The Federal Competition and Consumer Protection Commission (FCCPC) is the highest federal competition regulator in Nigeria. The FCCPC operates within the Federal Ministry of Trade and Investment and is responsible for protecting market competition and promoting consumer protection.
In 2019, President Muhammadu Buhari signed into law the Federal Competition and Consumer Protection Act, thereby creating the agency. The agency’s purpose is to develop and promote fair, efficient, and competitive markets in the Nigerian economy and to also facilitate the access by all citizens to safe products, and secure the protection of rights for all consumers in Nigeria.
In 2020, the FCCPC signed a “memorandum of understanding” with the U.S. Federal Trade Commission (FTC), pledging international cooperation in the realm of consumer protection efforts.
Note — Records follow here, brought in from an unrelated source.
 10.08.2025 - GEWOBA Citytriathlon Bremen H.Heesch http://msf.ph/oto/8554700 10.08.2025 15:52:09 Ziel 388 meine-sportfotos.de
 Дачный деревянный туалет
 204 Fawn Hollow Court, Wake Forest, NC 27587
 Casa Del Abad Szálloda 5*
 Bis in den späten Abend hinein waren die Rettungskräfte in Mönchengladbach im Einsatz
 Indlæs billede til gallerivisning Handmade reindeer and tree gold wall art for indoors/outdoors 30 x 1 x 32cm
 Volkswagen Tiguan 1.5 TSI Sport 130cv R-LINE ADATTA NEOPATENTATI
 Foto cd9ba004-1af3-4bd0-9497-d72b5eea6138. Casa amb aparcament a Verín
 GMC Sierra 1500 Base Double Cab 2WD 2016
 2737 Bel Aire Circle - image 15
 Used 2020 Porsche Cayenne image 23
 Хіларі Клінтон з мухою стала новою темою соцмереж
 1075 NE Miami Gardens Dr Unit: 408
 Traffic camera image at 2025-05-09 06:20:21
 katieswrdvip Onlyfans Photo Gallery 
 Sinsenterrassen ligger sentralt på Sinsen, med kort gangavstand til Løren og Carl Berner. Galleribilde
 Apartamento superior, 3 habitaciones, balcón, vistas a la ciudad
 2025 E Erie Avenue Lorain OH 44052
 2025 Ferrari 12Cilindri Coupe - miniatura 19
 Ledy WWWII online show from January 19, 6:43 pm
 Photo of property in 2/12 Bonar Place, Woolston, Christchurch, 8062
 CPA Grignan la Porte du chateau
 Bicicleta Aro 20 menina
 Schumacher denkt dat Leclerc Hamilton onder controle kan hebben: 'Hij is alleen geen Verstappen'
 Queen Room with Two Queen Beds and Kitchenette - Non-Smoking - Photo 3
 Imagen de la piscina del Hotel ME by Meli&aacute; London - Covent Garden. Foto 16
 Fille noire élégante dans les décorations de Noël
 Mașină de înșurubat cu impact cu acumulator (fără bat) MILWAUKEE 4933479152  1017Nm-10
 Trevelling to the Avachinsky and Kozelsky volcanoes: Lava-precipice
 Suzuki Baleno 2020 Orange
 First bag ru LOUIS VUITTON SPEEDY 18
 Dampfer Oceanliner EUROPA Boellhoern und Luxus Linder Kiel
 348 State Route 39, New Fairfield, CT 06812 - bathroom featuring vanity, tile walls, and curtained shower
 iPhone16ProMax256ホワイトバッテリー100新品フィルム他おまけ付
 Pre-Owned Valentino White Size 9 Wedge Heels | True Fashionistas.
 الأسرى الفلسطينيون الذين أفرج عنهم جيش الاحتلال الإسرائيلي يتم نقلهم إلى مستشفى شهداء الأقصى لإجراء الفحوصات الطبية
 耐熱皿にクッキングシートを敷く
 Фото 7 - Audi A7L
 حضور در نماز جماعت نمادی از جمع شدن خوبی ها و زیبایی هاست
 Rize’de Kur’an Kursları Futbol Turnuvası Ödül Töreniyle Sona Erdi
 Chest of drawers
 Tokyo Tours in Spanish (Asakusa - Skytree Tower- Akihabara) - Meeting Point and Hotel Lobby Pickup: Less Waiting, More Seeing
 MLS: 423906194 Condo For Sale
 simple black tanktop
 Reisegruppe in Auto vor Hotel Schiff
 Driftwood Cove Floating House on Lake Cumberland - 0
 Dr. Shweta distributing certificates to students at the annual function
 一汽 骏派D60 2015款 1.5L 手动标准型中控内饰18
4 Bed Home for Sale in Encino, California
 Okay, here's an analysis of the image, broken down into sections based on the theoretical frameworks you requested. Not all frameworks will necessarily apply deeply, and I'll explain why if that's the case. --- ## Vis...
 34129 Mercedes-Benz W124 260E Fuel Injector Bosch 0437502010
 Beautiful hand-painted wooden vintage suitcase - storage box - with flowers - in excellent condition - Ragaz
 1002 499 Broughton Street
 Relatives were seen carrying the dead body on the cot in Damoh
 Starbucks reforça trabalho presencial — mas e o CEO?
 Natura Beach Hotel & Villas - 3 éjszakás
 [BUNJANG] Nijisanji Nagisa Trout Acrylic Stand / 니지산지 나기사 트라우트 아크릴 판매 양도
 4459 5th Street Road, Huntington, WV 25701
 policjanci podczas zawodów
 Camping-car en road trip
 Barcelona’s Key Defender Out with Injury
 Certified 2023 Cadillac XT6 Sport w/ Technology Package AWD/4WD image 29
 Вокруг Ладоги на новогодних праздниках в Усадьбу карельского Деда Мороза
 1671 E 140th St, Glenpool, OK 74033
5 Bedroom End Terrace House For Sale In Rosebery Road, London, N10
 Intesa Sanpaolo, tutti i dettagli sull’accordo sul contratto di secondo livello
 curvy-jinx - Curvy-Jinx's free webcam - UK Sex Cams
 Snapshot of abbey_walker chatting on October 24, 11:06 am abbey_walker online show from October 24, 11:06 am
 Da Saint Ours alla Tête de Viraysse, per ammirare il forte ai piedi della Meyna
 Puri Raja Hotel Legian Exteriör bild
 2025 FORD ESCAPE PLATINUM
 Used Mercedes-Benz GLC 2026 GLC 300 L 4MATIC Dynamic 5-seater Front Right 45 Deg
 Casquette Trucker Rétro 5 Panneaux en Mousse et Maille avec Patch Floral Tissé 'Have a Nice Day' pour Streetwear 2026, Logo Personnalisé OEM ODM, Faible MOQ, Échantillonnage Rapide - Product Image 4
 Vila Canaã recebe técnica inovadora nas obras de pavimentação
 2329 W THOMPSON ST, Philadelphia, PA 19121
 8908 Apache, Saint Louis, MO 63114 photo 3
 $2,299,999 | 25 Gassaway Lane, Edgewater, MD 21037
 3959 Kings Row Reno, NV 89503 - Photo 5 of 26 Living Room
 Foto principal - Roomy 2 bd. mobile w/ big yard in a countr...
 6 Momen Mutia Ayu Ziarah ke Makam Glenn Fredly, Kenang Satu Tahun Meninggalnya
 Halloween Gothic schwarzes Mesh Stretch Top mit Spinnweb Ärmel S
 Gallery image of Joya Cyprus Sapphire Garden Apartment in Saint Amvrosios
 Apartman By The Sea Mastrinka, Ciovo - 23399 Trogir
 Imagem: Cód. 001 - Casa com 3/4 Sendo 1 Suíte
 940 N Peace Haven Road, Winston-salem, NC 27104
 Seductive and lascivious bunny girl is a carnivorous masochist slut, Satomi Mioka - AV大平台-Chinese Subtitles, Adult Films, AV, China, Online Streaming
The commission, among other things, is to develop and promote fair, efficient, and competitive markets in the Nigerian economy, facilitate access by all citizens to safe products, and secure the protection of rights for all consumers in Nigeria.
Babatunde Irukera is the Chief Executive of the Federal Competition and Consumer Protection Commission, FCCPC.
The functions of this agency include:
- Ensure that producers and service providers and their patrons mutually respect their commercial and social contracts.
- Diminish to the barest minimum incidents of consumer aggravation and frustration.
- Sufficiently protect consumers from hazardous products or injury from consumption of substandard products.
- Promote a quality culture in both processes and final products.
- Engender a marketplace of informed, sophisticated and discriminatory consumers.
- Provide information and be a resource to consumers regarding products, trends, and patterns.
- Ensure that service providers and manufacturers make full disclosures of relevant information about their products, or developments with respect to consumption of their products, in a consumer-friendly manner that truly guides consumers’ choices.
- Ensure that producers and service providers institutionalise appropriate customer care systems including providing information, and appropriate support through the acquisition/consumption, and post-acquisition/consumption process.
- Promote the establishment of dedicated customer service apparatus by producers and service providers, including clear, transparent, and accessible complaint resolution mechanisms.
- Hold providers and producers accountable for satisfying customers, including serving as a secondary level complaint resolution mechanism.